## About this exercise
Each line of the material must be reproduced exactly; pictures stay out.

## Information provided

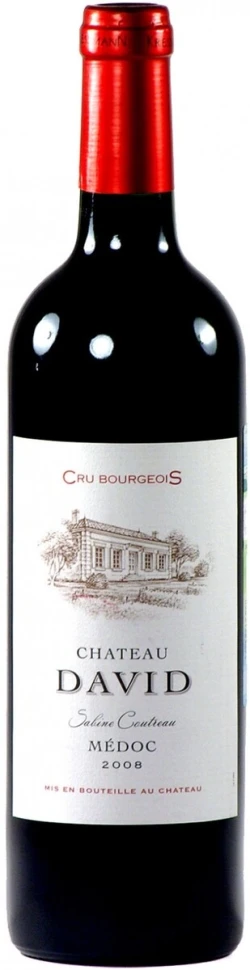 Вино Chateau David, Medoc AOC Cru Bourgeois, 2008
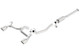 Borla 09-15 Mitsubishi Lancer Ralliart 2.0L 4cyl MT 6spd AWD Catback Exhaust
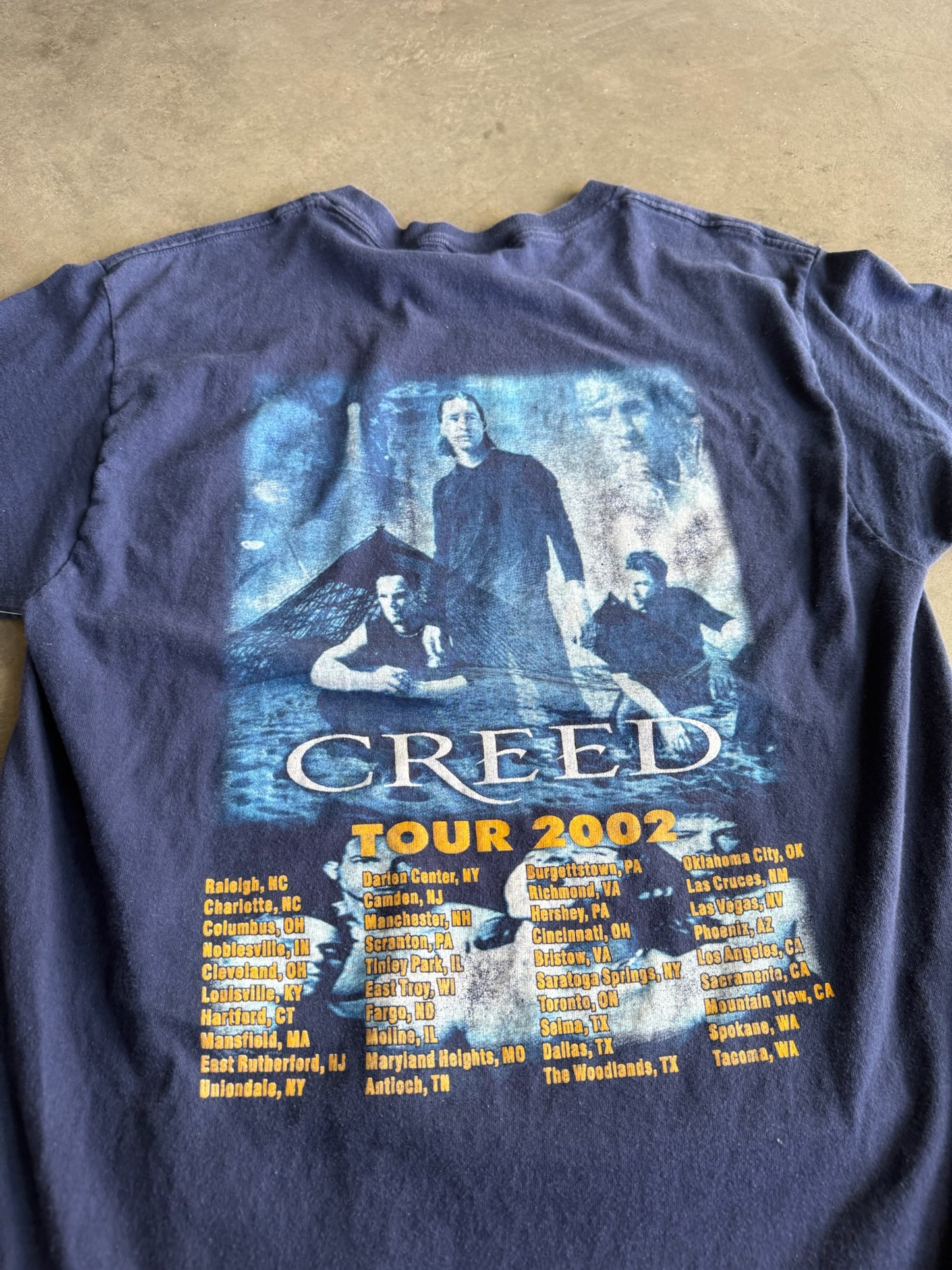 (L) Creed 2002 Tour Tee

## Written solution
 Вино Chateau David, Medoc AOC Cru Bourgeois, 2008
 Borla 09-15 Mitsubishi Lancer Ralliart 2.0L 4cyl MT 6spd AWD Catback Exhaust
 (L) Creed 2002 Tour Tee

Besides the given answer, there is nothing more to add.